= The Man Who Loved Dogs =

2009 novel by Leonardo Padura Fuentes

Book cover, featuring photo of Trotsky.

The Man who Loved Dogs is a novel by Leonardo Padura and involves the complex political narratives that surround the assassination of Leon Trotsky by Ramon Mercader. The novel was a finalist for the Book of the Year Award in Spain. It was originally published in 2009 by Tusquets Editors, Spain. It has been translated into English by Anna Kushner. The English translation was published in the U.S. in 2014 by Farrar, Straus and Giroux.
Padura’s novel traces the saga of Trotsky’s 11-year flight from Stalin; the recruitment and creation of an assassin in the form of Catalan communist Ramón Mercader; and the marginalization of Iván Cárdenas Maturell, a Cuban novelist who learns early in his career the hazards of writing in his homeland.

Stalin wanted a savage, “spectacular” killing, not just a simple poisoning like the one he ordered for Trotsky’s son. Trotsky had survived the attack in 1940 led by the muralist David Alfaro Siqueiros, but, on August 20, 1940, Mercader plunged an ice ax into the back of Trotsky’s head. In Cuba, Trotsky is officially vilified to this day for betraying the revolution.

==Genesis of the novel==
Leonardo Padura, speaking in 2017;
“I first visited Mexico as a journalist in the 1980s. I knew nothing at all about Trotsky but I visited the museum and saw the room where he was assassinated. It made a profound impression on me. I asked myself how was it possible for someone who played such a role in the Revolution and Civil War simply to cease to exist.

"I went to the library in Havana and found two books about Trotsky. One was called Trotsky the Renegade and the other was Trotsky the Traitor. These were the only official sources available in Cuba at that time. But then something extraordinary occurred. The Berlin Wall fell and after that a mass of material that had been hidden in the archives suddenly became available."
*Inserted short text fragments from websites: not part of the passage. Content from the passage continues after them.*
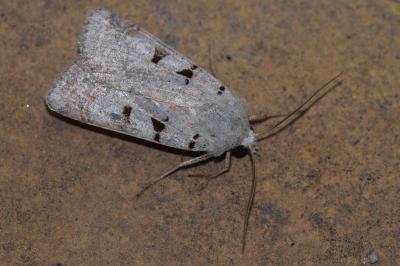 <i>Eugnorisma glareosa</i>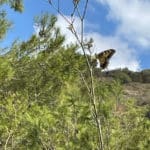 פרפר זנב הסנונית – .טיול בגבעת העיזים בחיפה • מיזם "חוגגים סתיו בואדיות חיפה 2022" (צילום: ענבל חן ברגב)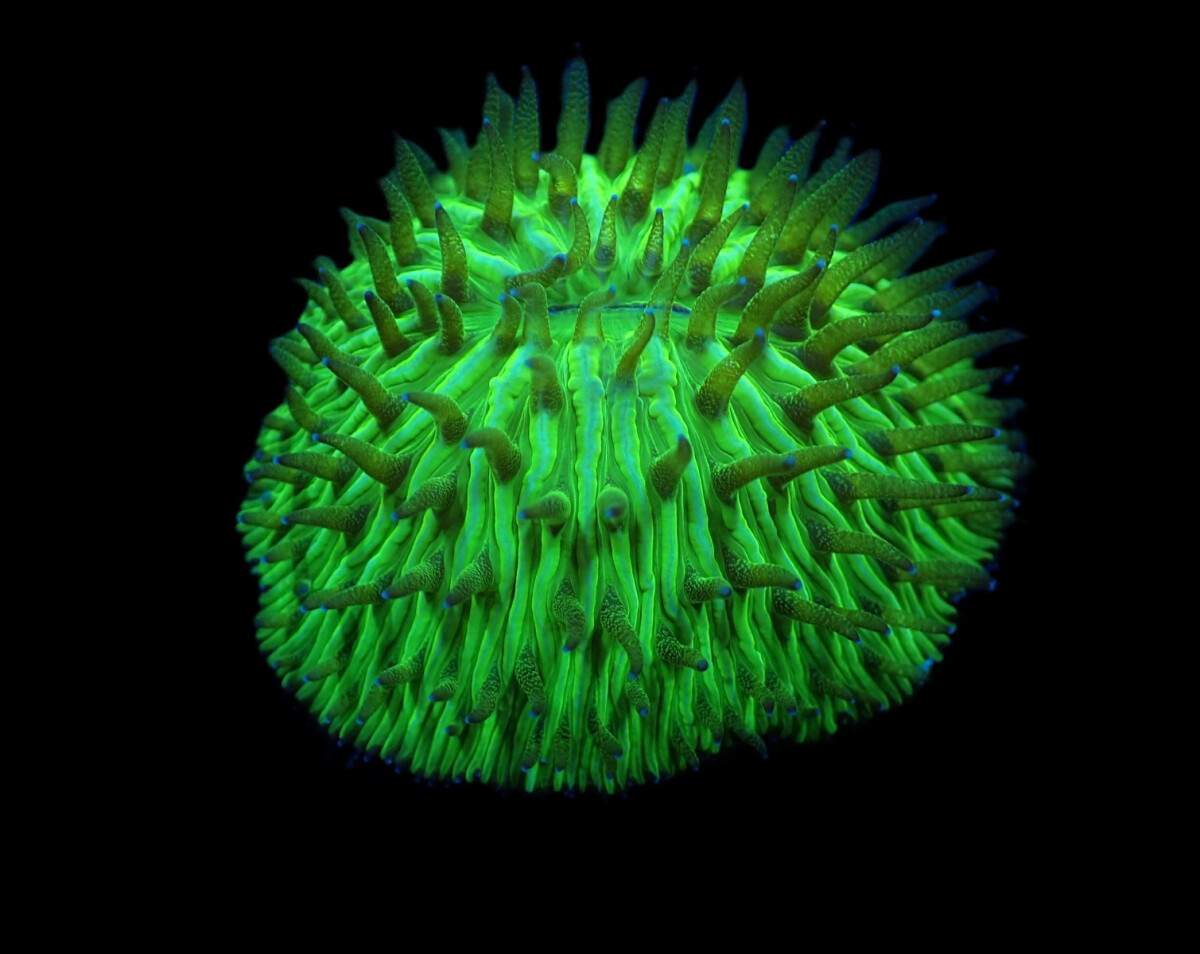 Cycloseris spp. (Green) box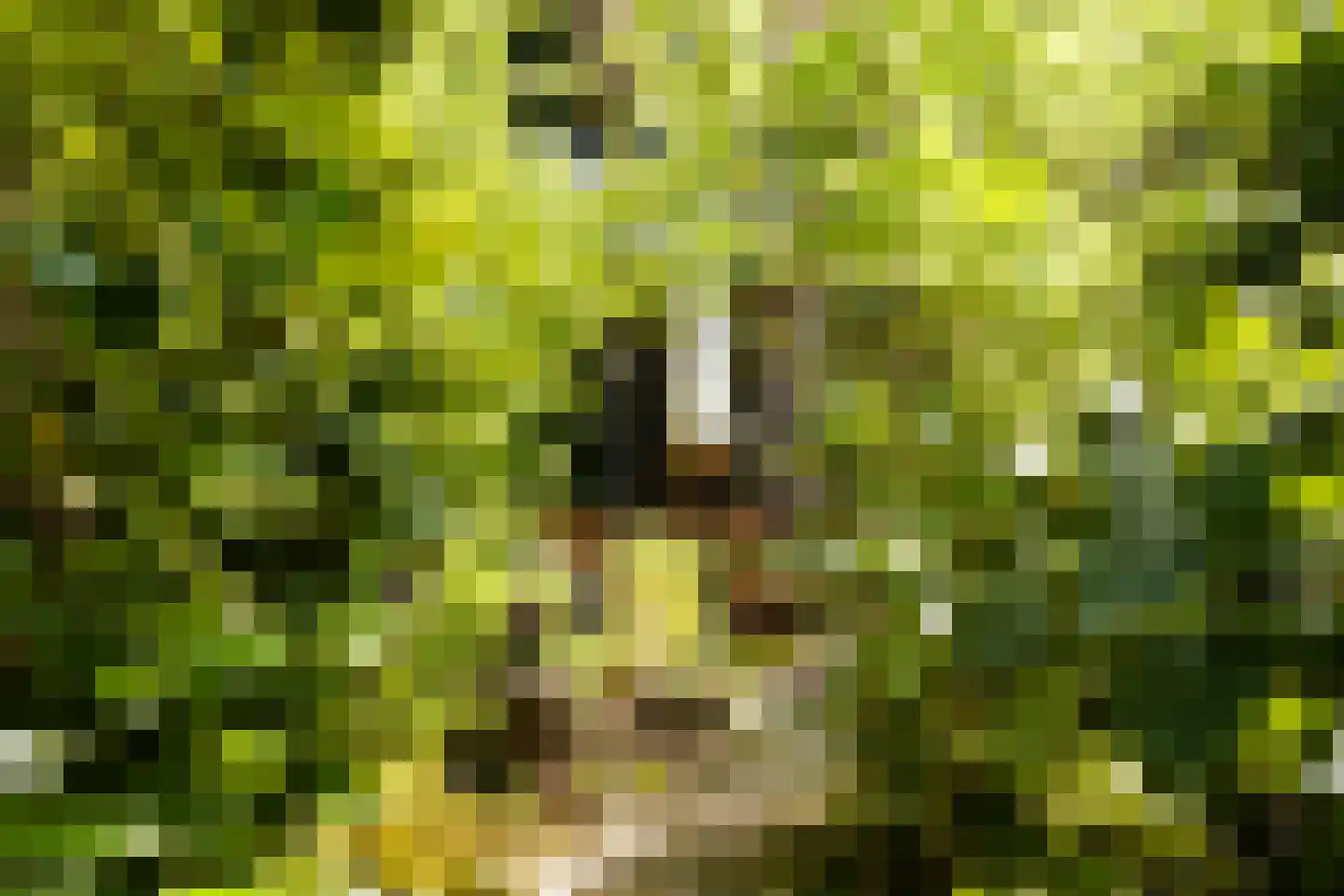 Iepenlaan 95 Bilthoven thumbnail 40
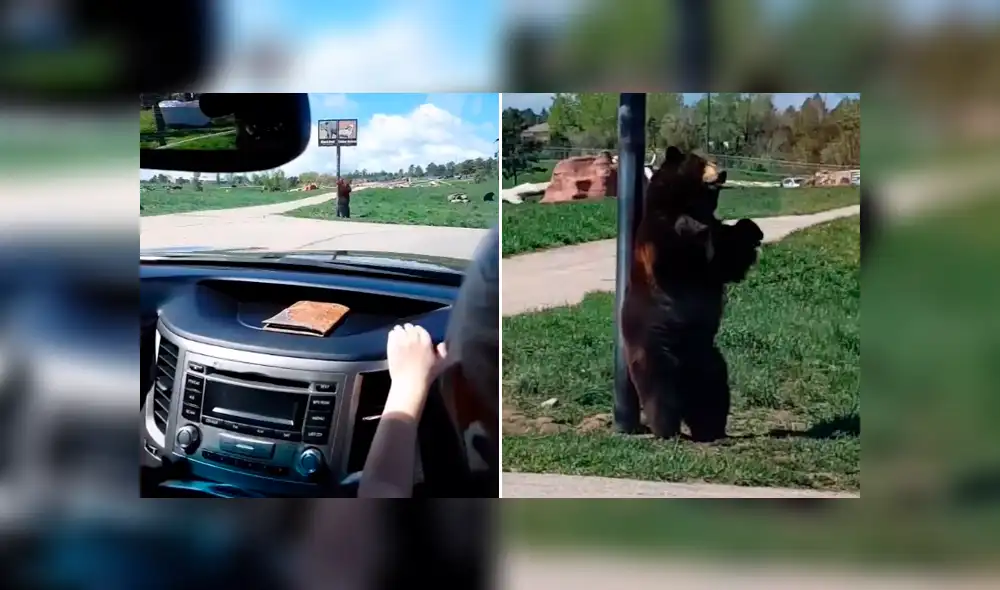 Desliza la imagen compartida para verlas todas. Foto: ctate1117/TikTok Desliza la imagen compartida para verlas todas. Foto: ctate1117/TikTok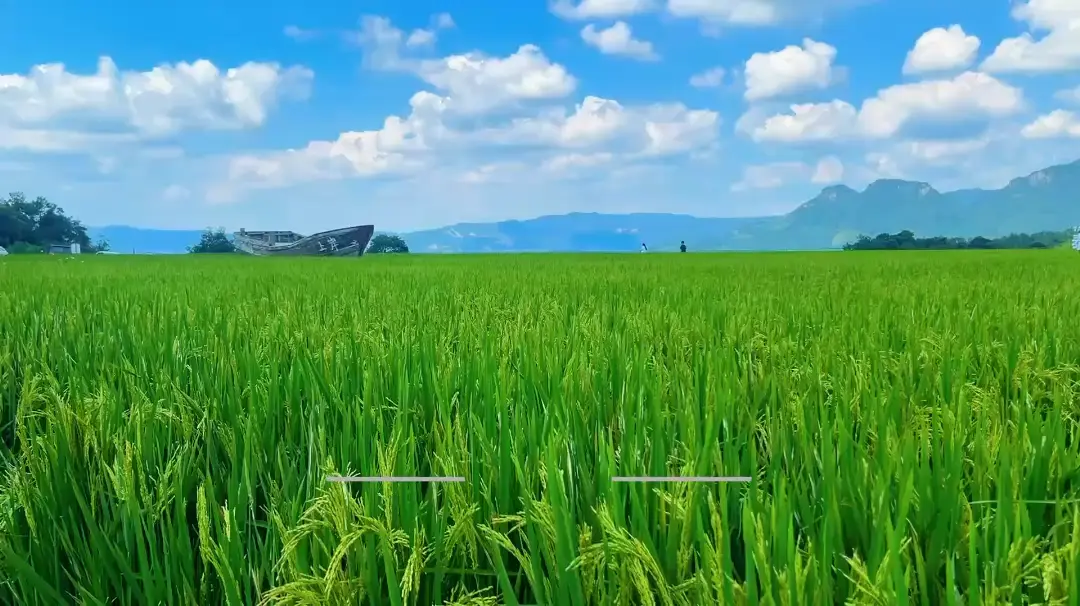 如果顺路的话，我们就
Leonardo then started to study the life of Trotsky and gradually the idea took shape in his mind of writing a novel. He went to Russia to investigate the archives, but was astonished to find that there was nothing at all about the assassination of Trotsky. It seems that Stalin followed the plans to assassinate his enemy in great detail and was given daily reports by his agents, but once he had read them, he burned them.

==Reception==
'The Cuban writer Leonardo Padura has made his entrance to the Latin American Modernist canon by writing a Russian novel. The three alternating stories resonate with one another, acquiring deeper meaning as they paint the complete fresco of a political paradigm’s downfall.' Alvaro Enrigue, The New York Times.

'Padura has written a historical novel of Tolstoyan sweep. [It] is an exhaustively reported work, chockablock with history - from the Russian Revolution, the rise of Fascism and Stalin's show trials to the steely suffocation of post-Castro Cuba.' Ann Louise Bardach, The Washington Post.